The AIC for the LH 2.4, 2.4.1, and 2.4.2 differs from the LH 2.2 in that the reversible motor is replaced by a solenoid. The coil receives pulse signals from the ECU. When activated, the coil overcomes a mechanical spring that keeps the valve closed. This allows a specific volume of air to flow past the throttle butterfly in the intake manifold. In the event of a fault, the opening pulses terminate and the spring pulls the valve to the end position. The air flow through the valve in this position (Limp Home) is greater than during normal operating conditions. This gives an idle speed of 1,200 to 1,500 rpm.
Air Mass Meter
The air mass meter is usually mounted some distance from the intake valves rather than directly on the engine manifold. Any air that enters the intake system between the meter and the valves is UNMEASURED AIR. Therefore, the engine gets no fuel to match that air. The result can be lean mixtures that can cause hard starting, rough idle, low CO, and stumbling. This is why people always say to check for any vacuum leaks first as this is relatively easy compared to some of the other test procedures and you may find your problem right away. Additionally, turbos have a bad habit of blowing these hose connections apart under high boost.

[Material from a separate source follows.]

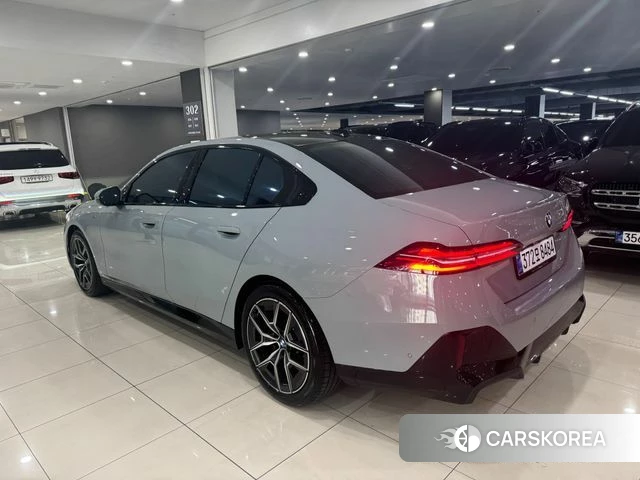 BMW 5 Series (G60) id 4200706 из Кореи 9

The air mass meter depends on the measurement of current flowing through heated wires to measure air flow. It is also known as the hot-wire sensor because of its heated wire design, hence the 'H' in LH. In the unlikely event that a wire should break, the warm engine runs, though without fuel compensation, in a 'Limp-Home' mode. For 'Limp-Home' operation, injector pulse time is fixed. For any rpm above idle, the ECU is programmed to deliver fixed pulses, typically 7.5 milliseconds.
The air mass meter works by measuring the air mass, or weight, so it requires no correction for changes in density due to temperature or altitude. The hot wire system depends on the measurement of the cooling effect of the intake air moving across the heated wires. With a small movement of air past the heated wires, the cooling effect is small. With more air moving past the heated wires, the cooling effect is greater. LH control circuits use this effect to measure how much air passes the LH hot wire.
The LH hot wire is found within the air passage tube of the air mass meter and is made of a platinum filament. The hot wire is heated to a specific temperature differential above the incoming air when the ignition is turned on (the differential is measured in degrees Celsius).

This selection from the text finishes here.